Rivadavia siempre se sintió agradecido por este gesto de Manuel Belgrano, que vino a saldar para siempre sus diferencias. Se dispuso a honrarlo, y para ello encargó su retrato al artista galo François-Casimir Carbonnier, discípulo de David y de Ingres, quien dejó a la posteridad la imagen de un hombre tranquilo, tal vez melancólico, ataviado a la moda, con el fondo de un campo de batalla y el detalle de una bandera celeste y blanca.
Jorge IV como príncipe regente con el uniforme rojo de mariscal de campo, esmalte sobre cobre de Henry Pierce Bone (1816).
“Les gâteau des rois” [“Torta de reyes”], caricatura sobre el Congreso de Viena (1815), en que las potencias europeas se repartieron el dominio territorial.
El 15 de noviembre, Belgrano volvía a cruzar el océano preguntándole al horizonte si alguna otra vez tendría ocasión de retornar a la vieja Europa.
Un dandy en Londres
En Londres, Manuel Belgrano se reencontrará con un aspecto de sí mismo que había quedado momentáneamente dormido durante los duros años de campaña, en que debía amoldarse a las condiciones más exigentes y penurias de todo tipo. Se trató de hábitos y costumbres como los que disfrutó durante el período europeo de su juventud, en que dedicaba particular interés a su arreglo personal.

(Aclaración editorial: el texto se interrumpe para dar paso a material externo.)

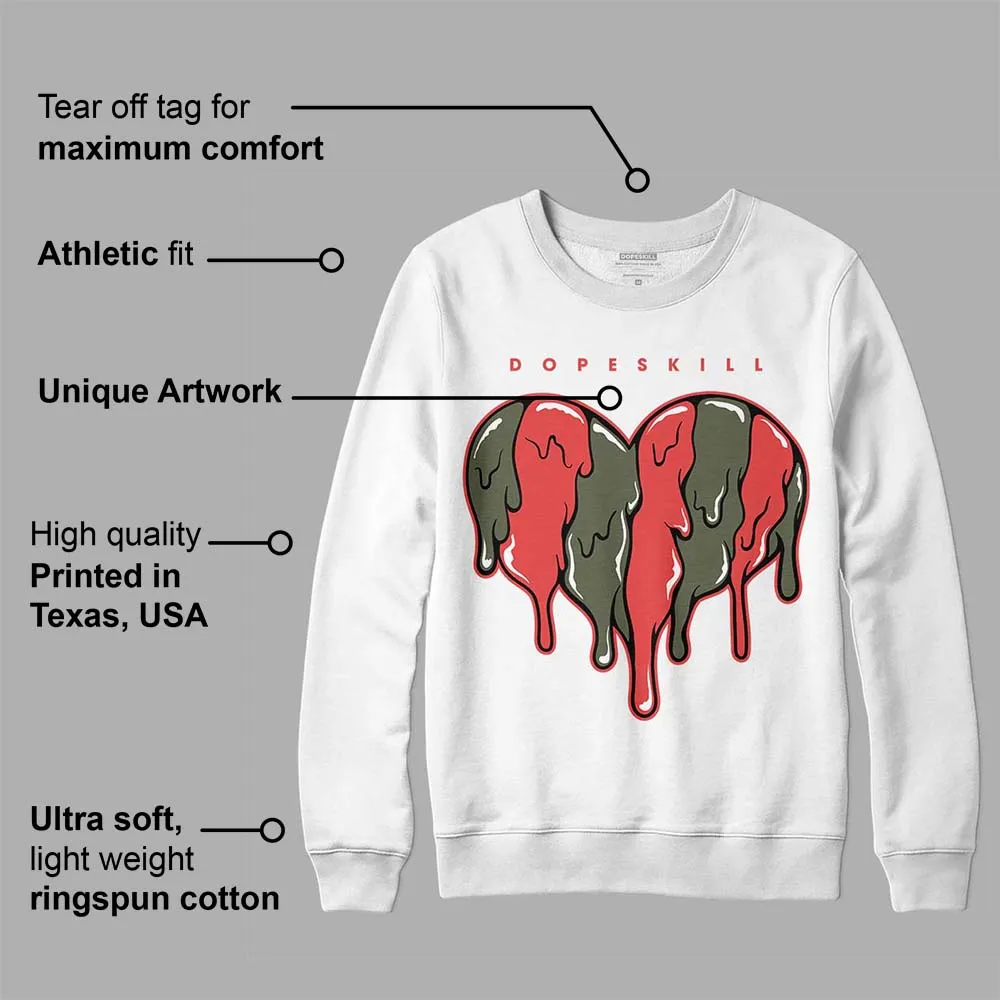 Dunk Mystic Red Cargo Khaki DopeSkill Sweatshirt Slime Drip Heart Graphic sold by DopeSkill product image thumbnail 3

En consecuencia, asumió con agrado las formas del dandismo, que no solo involucraban al vestuario sino también al refinamiento, atención a los detalles y la elegancia en cada una de las maneras que hacían a la cotidianeidad. El dandismo, en suma, era una actitud ante la vida. Belgrano y Rivadavia (45 y 35 años, respectivamente) recibieron gustosos estos modos, tan distintos del Río de la Plata, y enseguida adoptaron el vestuario exigido para enfrentar a los miembros de las cortes londinenses. Este se componía de pantalones de lino ajustados de colores claros que se angostaban para terminar dentro de la bota de montar. La camisa blanca de cuello alto −que subía por el mentón− con cravat de gasa o seda en el mismo tono para tapar el cuello, que un señor elegante jamás exhibía. Encima, una levita de paño azul. Todo muy diferente al calzón corto, medias de seda y zapatos con hebilla que utilizaban en Buenos Aires. Por otra parte, el dandismo impuso también el cabello corto (nada de pelucas) con un corte denominado titus –porque recordaba al emperador Tito–, un buen afeitado y patillas largas –aunque las de Belgrano, lampiño, no eran muy tupidas−. Todo simple y elegante.

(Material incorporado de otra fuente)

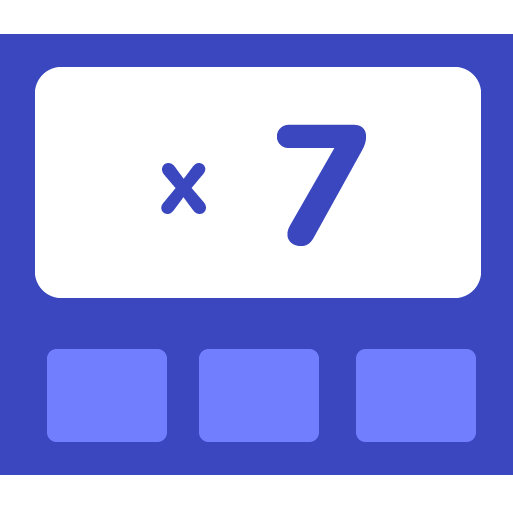 Learn how to multiply by 7 - Training activities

El principal referente del nuevo estilo fue George “Beau” Brummell, un hombre de origen humilde que llegó a asesor del príncipe de Gales −futuro Jorge IV de Inglaterra−, y luego árbitro de la moda de una corte que requería un vestuario acorde con la actividad ecuestre y la caza.
Dandies. Placas de moda masculina en publicaciones de la época.
Casa Histórica de la Independencia o Casita de Tucumán.